Cette relance sénégalaise intervient dans un contexte régional marqué par les turbulences de la raffinerie Dangote au Nigeria. Le 13 juillet, le milliardaire Aliko Dangote a annoncé que l’essence, le diesel et le carburant aviation seraient désormais facturés en dollars, faute d’approvisionnement suffisant en brut de la NNPC. Selon des sources citées par The Punch, la raffinerie ne recevrait plus que 4 millions de barils par mois, contre 13 millions prévus. Cette décision, qui pourrait renchérir les carburants au Nigeria, illustre les fragilités du modèle de « naira for crude » et la dépendance persistante aux fournisseurs alternatifs.

Le contraste est saisissant : d’un côté, le Sénégal cherche à construire un secteur pétrolier national sur des bases nouvelles ; de l’autre, le Nigeria, pourtant premier producteur africain, peine à assurer la viabilité économique de sa mégaraffinerie. Ces deux dynamiques révèlent une même tension entre souveraineté énergétique et réalité des marchés.

Vers une nouvelle architecture régionale ?

Au-delà des cas nationaux, la tendance de fond est celle d’une régionalisation des chaînes de valeur. Le mégaprojet de gazoduc Maroc-Nigeria, porté par Rabat et Abuja avec un nouvel appui américain (selon une source de mai 2026), pourrait à terme connecter les bassins de production aux marchés ouest-africains. Parallèlement, la Côte d’Ivoire muscle son profil énergétique avec Baleine, tandis que le Sénégal et la Mauritanie exploitent Grand Tortue.

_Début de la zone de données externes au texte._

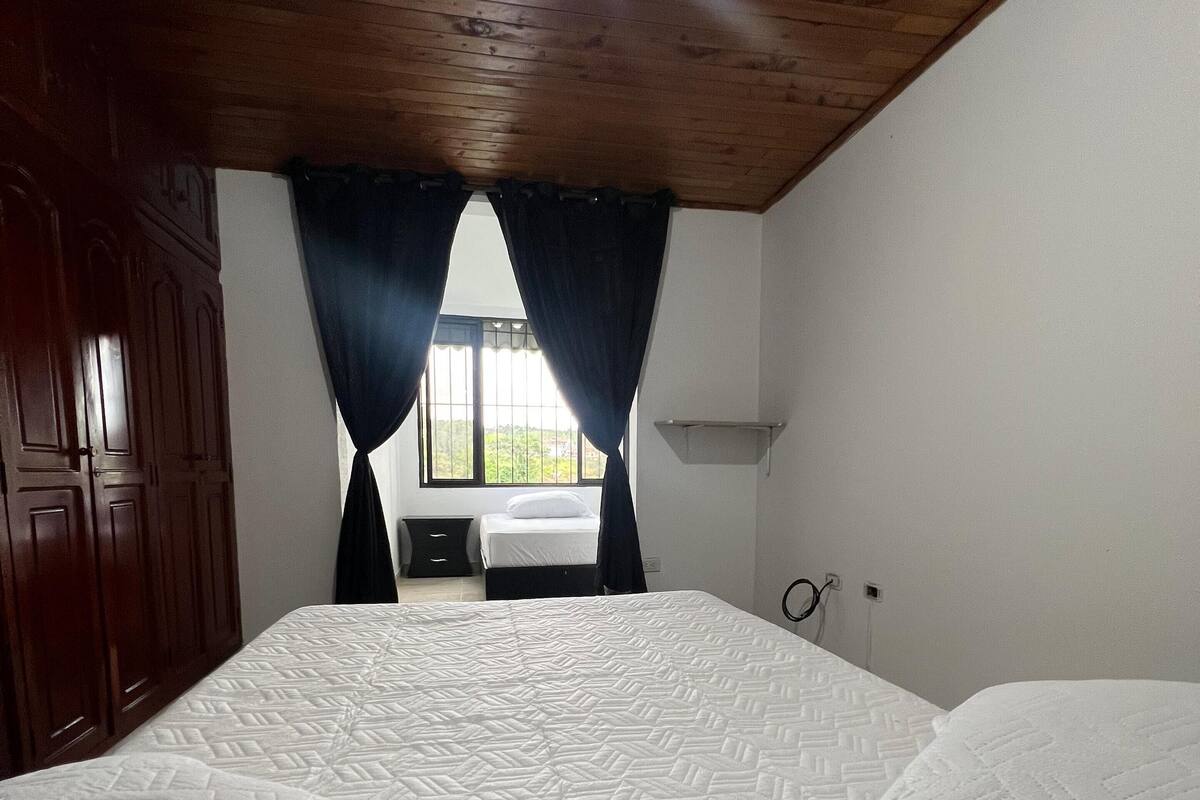 Un dormitorio con una cama grande, techo de madera, una ventana con cortinas y una mesita de noche.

La décision sénégalaise du 22 juillet s’inscrit dans ce mouvement : il ne s’agit plus seulement d’extraire, mais de maîtriser la transformation et la distribution. Le pari est risqué : le financement des entreprises locales, la formation technique et la transparence des appels d’offres seront déterminants. Mais l’échec du modèle nigérian, où la mégaraffinerie Dangote bute sur l’approvisionnement, rappelle que la souveraineté ne se décrète pas.

La relance des permis pétroliers sénégalais, couplée aux déboires de Dangote au Nigeria, dessine une région à la croisée des chemins. Entre volonté d’émancipation et dépendance aux financements et technologies étrangères, les États ouest-africains cherchent un équilibre. La question du financement local, centrale à Dakar, reste le maillon faible d’une ambition qui devra aussi composer avec les exigences climatiques et les contentieux juridiques, comme le procès récent contre TotalEnergies pour ses rejets polluants. L’année 2026 pourrait marquer un tournant – à condition que les promesses de contenu local ne restent pas lettre morte.